As I understand it action plans are there for use in cases where enforcement would otherwise be used, but both (or all 3 parties) can agree on what needs to done and the timeframe in which the work should be carried out.
If there is agreement then the action plan approach is acceptable. My problem with this approach is that the RP may not do the work and the enforcement action would need to be taken anyway, with the same appeal times etc.
If there is not agreement then the enforcing authority will take the action they believe to be appropriate and if the RP and/or Risk Assessor disagree then they have to stand up and object. Now I understand what kurnal is saying, that the RP may fold and sack the Risk Assessor as a result, and you have my sympathy with this but it is no different to a good Inspecting Officer having a weak boss who caves in everytime anyone with any clout objects to something the inspecting officer has requested. Believe me this happens more often than you may think.
With regard to IO's being rigid and insisting that the Guides are followed to the letter, I agree that there are some that are still reasonably rigid but I've not met one who doesn't have some flexibility. And if the RP or Risk Assessor does object then it will usually be passed onto the IO's line manager and possibly their line manager, so these things aren't usually looked at by only one person. If the IO is being pedantic or too inflexible it will usually be pointed out fairly quickly by someone in the office (the fire safety office can be a pretty merciless place if you are on the wrong end of a savaging by your colleagues).
With regard to the Guides being the benchmark, well yes they are. They set the standard at which the RP should be aiming. If he can reach a very similar standard by the use of another method then I think the majority if not all of IO's would be happy with that. We see it all the time, lack of fire resisting seperation being addressed by automatic smoke detection etc. The point is that they still need to reach that standard. Yes there are different levels of risk but this is normally taken into account with such things as travel distances etc.
Other than that it is down to what an individual is happy with. Now I could put 10 IO's and 10 Risk Assessors together and show them a premises that doesn't fall in line with the guides and I should imagine every one would have a slightly different opinion on the level of risk and what would be acceptable, because it is ultimately down to opinion.

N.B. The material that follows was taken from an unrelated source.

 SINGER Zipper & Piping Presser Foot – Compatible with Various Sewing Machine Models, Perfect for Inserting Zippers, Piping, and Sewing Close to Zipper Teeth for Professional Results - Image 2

The one thing I have come across that gives me cause for concern is the cherry picking approach. For example: for a care home we use a HTM so we can have longer travel distances, we will dispense with the large landings because we don't intend to carry out matress evacuations, we will use ADB so we can have 30 minutes FR instead of 60, we will use BS5839 Part 6 because it more or less gives the same standard as a Part 1 system etc. etc..
I think there are always 3 sides (at least) to the debate.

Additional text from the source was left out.